ISR(TIMER1_COMPA_vect) {
  // Collect analog signal
  rawData[interruptCount] = ADCH;
  interruptCount ++;
}

void readData(float baseFreq) {
  int OCRvalue = 2 * (16000000 / (baseFreq - frequencyRange)) / arraySize - 1;
  OCR1A = OCRvalue;
  sampleFrequency = 16000000 / (OCRvalue + 1) ;
  interrupts();
  while (interruptCount != arraySize); // wait for data
  noInterrupts();
  interruptCount = 0;
}

void findFrequency() {
  // Calculate mean to remove DC offset
  long meanSum = 0;
  for (int j = 0; j < arraySize; j++) {
    meanSum += rawData[j];
  }
  char mean = meanSum / arraySize;
  // Autocorrelation
  currentSum = 0;
  pdState = 0;
  int period = 0;
  for (int i = 0; i < arraySize && (pdState != 3); i++) {
    // Autocorrelation
    previousSum = currentSum;
    currentSum = 0;
    for (int k = 0; k < arraySize - i; k++) currentSum += (rawData[k] - mean) * (rawData[k + i] - mean);
    // Peak detection
    if (pdState == 0) {
      threshold = currentSum / 2;
      pdState = 1;
    }
    else if (pdState == 1 && (currentSum > threshold) && (currentSum - previousSum) > 0) {
      pdState = 2;
    }
    else if (pdState == 2 && (currentSum - previousSum) <= 0) {
      // quadratic interpolation
      nextSum = 0 ;
      for (int k = 0; k < arraySize - i + 1; k++) nextSum += (rawData[k] - mean) * (rawData[k + i + 1] - mean);
      float interpolationValue = 0.5 * (nextSum - previousSum) / (2 * currentSum - previousSum - nextSum);
      period = i + interpolationValue;
      pdState = 3;
    }
  }

  // Frequency identified in Hz
  if (threshold > 100) {
    frequency = sampleFrequency / period;
    if (frequency < 400) {
      Serial.println(frequency);
    }
  }
}

void loop() {
  digitalWrite(LED_BUILTIN, HIGH);
  readData(D4);
  digitalWrite(LED_BUILTIN, LOW);
  findFrequency();
}



barthulsen

Hi MrMark,

You're right, the code is almost exactly the same as the current one on my laptop. I'll try to change the buffer to 1000 samples. I agree with you that the results are quite good, but I noticed that you've set the readData function to D4. Wouldn't it be optimized for frequencies from 320 to 350 Hz if you'd choose E1? Asside from that, I believe that with all the help I got from you guys I have a fair change of succeeding in the project :)

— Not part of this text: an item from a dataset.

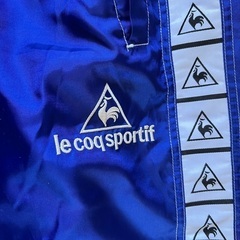 lecoqsportif ルコック トレーニングウェアOサイズ（L L、XL）【引取り限定】の画像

As for the weird error that I've written about in my previous post, do you have any idea what could be the cause?

Thanks,
Bart

barthulsen

So, I've been thinking about the results and their stability. It's not really good. I can optimize it for certain frequencies by playing around with the signal capture time, but then the results for other frequencies are heavily influenced by errors. Could the combination of continuous sampling and the use of interrupts be the cause of instability? As i mentioned before, the resolution is quite good, but there are errors that show up at a constant rate and mess things up. I figured that a solution (or a way to isolate the cause of error) could be to use continuous sampling with interrupts that are generated on the reading of a new value, instead of using interrupts to control the sample frequency. The question that I want to ask about this is the following: Can I alter the samplefrequency on an analog port as I did with the OCR timer value (during a program)? Next to that I'm not sure how to implement a change of samplefrequency on a port that is continuously sampling. I'm looking forward to your comments.

MrMark

I've had a bit more time to play with this.  There are two significant changes in this version.  First the data capture uses the ADC in the continuous mode with an interrupt service routine to move the data into the buffer.  Sample rate is fixed at 9615.4 samples per second.  The second change is a correction to the interpolation routine which previously had the peak correlation value as one of the endpoints rather than the center of the three points.  

I've changed the peak detection algorithm implementation to use "case" statements rather than a cascaded "if" statements.  It should be functionally the same, but I think peak detection could be made more robust and this was a first step toward a revision.  Eventually I'd like peak detection to evaluate multiple correlation peaks rather than stopping at the first it finds over the threshold.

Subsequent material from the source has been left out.